* [BRIEF] A faithful copy of the data below is required, leaving out every picture.

* [SUPPLIED DATA]
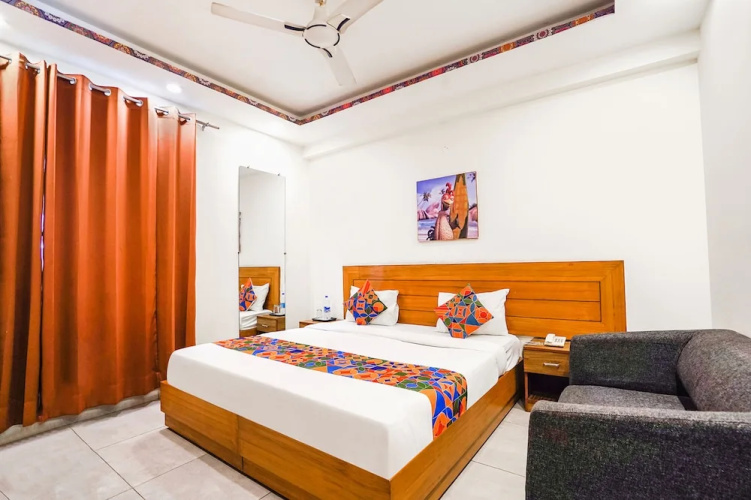 Fabhotel Emoji Stays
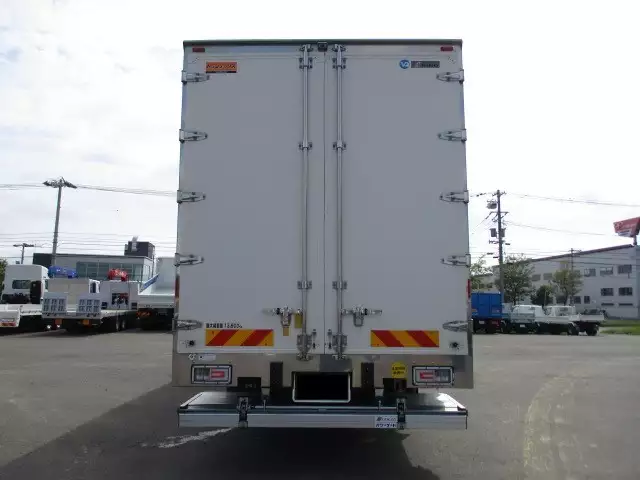 令和03年01月中古大型アルミバン・ウィング日野プロフィアの画像6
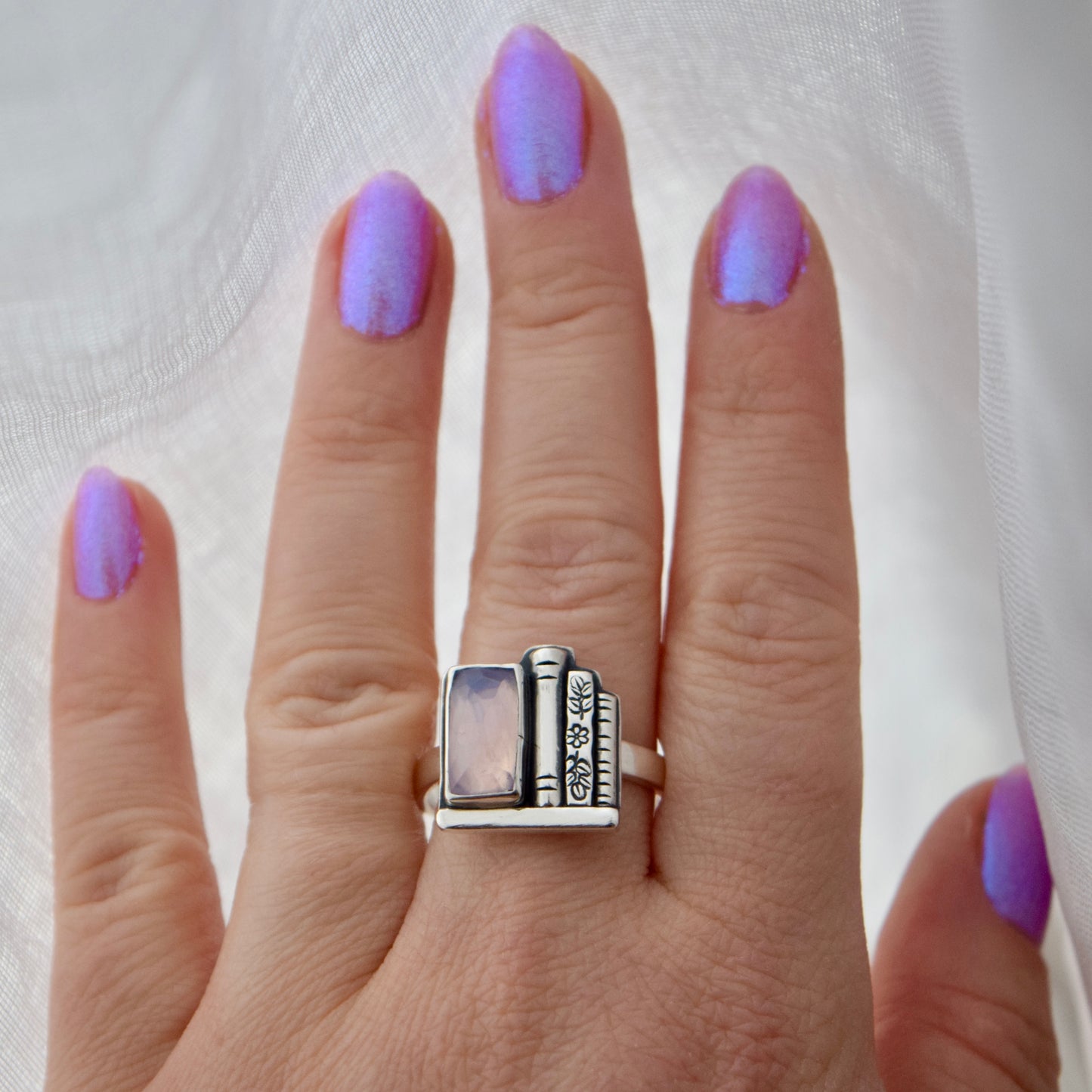 Bookshelf Ring with Faceted Lavender Quartz Size 10.5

* [RESPONSE TO THIS TASK]
 Fabhotel Emoji Stays
 令和03年01月中古大型アルミバン・ウィング日野プロフィアの画像6
 Bookshelf Ring with Faceted Lavender Quartz Size 10.5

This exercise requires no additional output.